Monday, November 23, 2009

questions! answered!

In addition to not knowing how to use the publish/save function on Blogger, I've also been absolutely horrid about replying to comments. Today I went back to the beginning of the month and replied to all of them. I know most of you don't go back into the comeents to read those, and why bother...the posts are plenty 'nuff!! But if you had asked me a question in the comments and have been wondering if I am ignoring you or that I'm such a "beeyatch" for not answering? That might just be where you'd find the answer.

Going back through the comments though, I thought I'd stick a few of them up here directly in this a post.


Jenna and Jodie asked about persimmons.
There are basically two kinds.

What is on our tree is the "haychia" (pictured, left). Hachiyas are acorn shaped, and when they are ripe and ready to eat, they are so squishy they are almost gelatinous. It should be so squishy that you could poke a hole in it and pretty much slurp out the insides. If you bite into one of these babies when they are hard, you will suffer a most unpleasant experience. It will feel like someone coated your mouth with wallpaper paste or something. When it is truly ripe and the center is almost jelly-like, it is wonderful. It's perfect for baking something like a persimmon bread (like how you'd use ripe smooshed bananas in a banana bread). I also love putting it just as is over ice cream. It would also be great over a pound cake or in a trifle or something like that. I'm sure there are other uses, but that's about as far as I get with it as I'm not much the baker.

The other kind, which is actually my favorite species, is the "fuyu" persimmon (on the right). These are shaped more like a tomato. These you want to eat hard. I've been that told you can eat them when they are squishy, but I've never found that to be an enjoyable experience. MyFavoriteKid and I love these so much that sometimes we just bite right into them like an apple. We usually take a minute to cut them into thin slices though. They would layer nicely in a tart or something I'm sure (again, I'm not the baker), but they are just awesome raw in a salad with some spiced nuts or something (say, as a substitue for salads that have sliced pears).

Hope that helps. I would love to hear from other folks about how they use them!

Reaching back into October's comments, Bev asked about "the incentive dress".

No. I never got into it. I lost about 15 lbs, and then just got stuck. I kept at what I was doing food-wise, but my weight just sort of plateaued. I knew that I needed to increase my physical activity if I wanted to see more change. I'm still trying to figure out what to do about that. It's sort of complicated. Well, at least I make it so. It's mostly all in my head, where that complication happens. But I am working on it. Meanwhile, I should probably reset the goal for fitting into the dress for the spring!

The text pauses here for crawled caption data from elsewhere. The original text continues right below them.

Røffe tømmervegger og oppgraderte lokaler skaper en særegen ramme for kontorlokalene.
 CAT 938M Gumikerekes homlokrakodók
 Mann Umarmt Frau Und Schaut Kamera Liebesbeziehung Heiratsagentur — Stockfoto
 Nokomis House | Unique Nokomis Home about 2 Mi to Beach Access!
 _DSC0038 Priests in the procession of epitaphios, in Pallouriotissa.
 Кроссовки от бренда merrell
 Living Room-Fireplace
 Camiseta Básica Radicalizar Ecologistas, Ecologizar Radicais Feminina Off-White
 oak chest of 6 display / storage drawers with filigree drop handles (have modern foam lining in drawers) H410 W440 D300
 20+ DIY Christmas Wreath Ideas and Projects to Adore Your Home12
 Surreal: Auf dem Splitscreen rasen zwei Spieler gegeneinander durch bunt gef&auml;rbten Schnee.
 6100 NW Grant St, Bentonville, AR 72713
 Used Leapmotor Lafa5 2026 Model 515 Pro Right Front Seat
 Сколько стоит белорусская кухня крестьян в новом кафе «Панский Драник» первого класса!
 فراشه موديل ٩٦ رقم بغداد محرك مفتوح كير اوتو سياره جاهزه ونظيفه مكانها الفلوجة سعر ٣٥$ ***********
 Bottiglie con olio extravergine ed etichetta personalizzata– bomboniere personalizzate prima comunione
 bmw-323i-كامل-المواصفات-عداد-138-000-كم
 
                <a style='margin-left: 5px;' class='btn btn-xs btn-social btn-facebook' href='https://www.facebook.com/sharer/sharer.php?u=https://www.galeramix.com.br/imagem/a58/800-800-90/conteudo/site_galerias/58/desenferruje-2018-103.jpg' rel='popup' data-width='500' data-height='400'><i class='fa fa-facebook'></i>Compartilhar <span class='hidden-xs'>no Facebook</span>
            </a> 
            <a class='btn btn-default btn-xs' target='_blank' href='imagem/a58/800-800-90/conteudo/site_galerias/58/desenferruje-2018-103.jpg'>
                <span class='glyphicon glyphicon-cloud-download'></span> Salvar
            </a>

Jodi wondered if I really needed a big fat scarf here in California.

YAH!!!! Cold here in Northern California!! Not as cold as where you are from, I am sure. We don't get snow here. But in the mornings when I run MyFk to the bus stop, it's in the low to mid-30's (farenheit) right now and....brrrr!! I'm just loooooving having big fat scarf around my neck to take the chill off!
(oh, and hey Jodi...was that an invitation to visit?!)

Jodi also commented about the greenery here, and how it isn't yellow. Well, some the seasonal trees in the neighborhood (and in my yard) are yellow. And the vineyards are totally golden right now. But the hills, are a beautiful green right now, and so are all the crawling plants. Here with the hills things look mostly green, but it's in the late spring as the hills begin to dry that they go yellow/brown (maybe you should come visit and see it).

That's all for tonight ;-)


Enjay said...

I like to make persimmon jam, my grandmother used to mix them with rose hips and can them too.

The Bon said...

My favorite part of living in this part of the country is that the grass stays green through the winter. So much happy cheer with the color on the ground.